It can be a surprise to visitors when they arrive on a nature reserve and find domestic animals like cows, sheep and ponies grazing there. But these animals play a valuable role in helping manage wild spaces to benefit our native wildlife. In fact, grazing nature reserves is one of the best ways to maintain features like grasslands, fen, mires and saltmarsh.
Thousands of years ago, Britain had many native grazers, including wild horses, deer and the imposing aurochs – the forerunners of modern cattle. Their feeding activity prevented the open spaces from being taken over by woodland and allowed native wildflowers to thrive, which was of great benefit to insects. In turn, many of these invertebrates supported bats, birds and other small mammals. The pattern of this grazing, and the trampling of ground, created the variable sward that ground-nesting birds needed to breed successfully – making these grazers a crucial part of the landscape.

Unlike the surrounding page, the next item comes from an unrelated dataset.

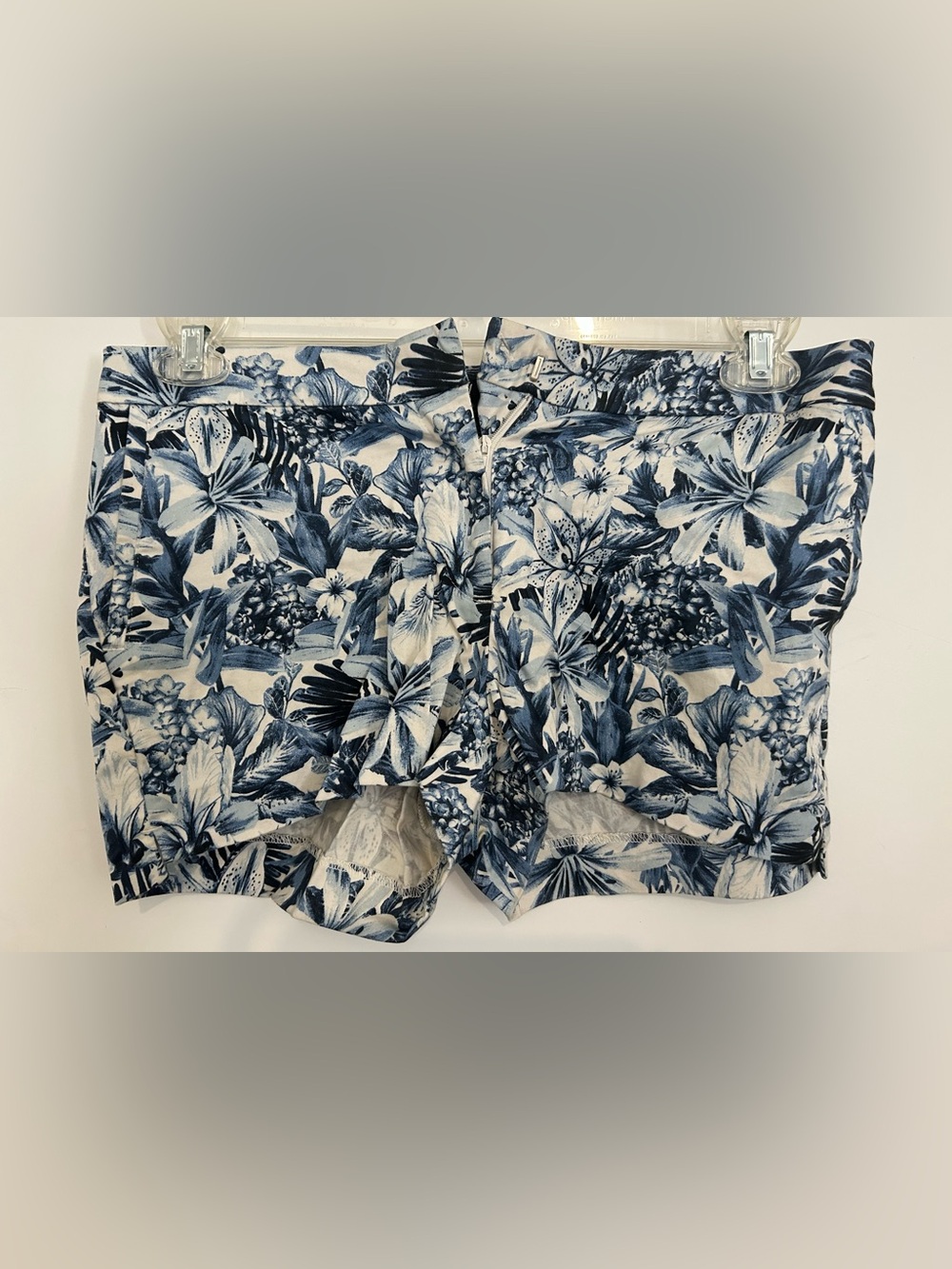 H&M White and Blue Hawaiian floral pattern micro shorts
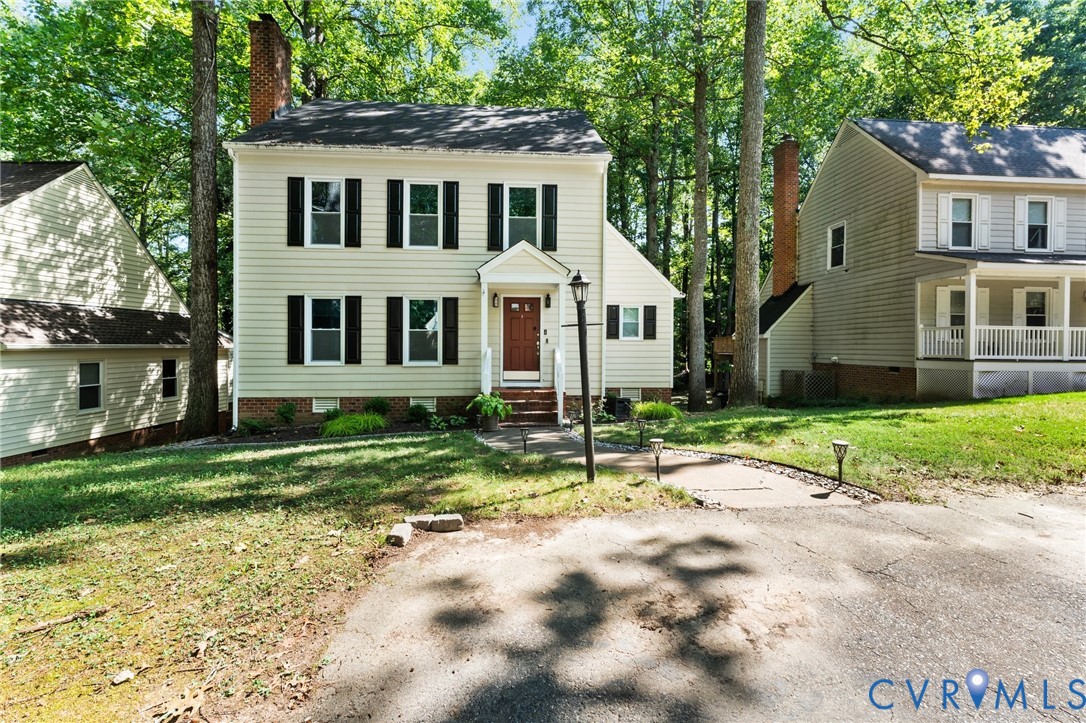5605 Chatmoss Road Midlothian, VA 23112 - Photo 1 of 31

When the aurochs went extinct and wild horses and deer were removed, however, this function was lost. Much of their work can be replicated through manual management of course, but grazing is more natural, less intensive and less expensive. So Yorkshire Wildlife Trust uses various animals on different nature reserves to achieve natural habitat. Species feed in different ways, but all provide benefits for wildlife.
The cattle tend to be breeds that are comfortable on rough ground, such as highlands, shorthorns and belted Galloway,. They can be seen on the Trust’s farms including Stirley Community Farm, as well as reserves like North Cave Wetlands, Potteric Carr and Brockadale.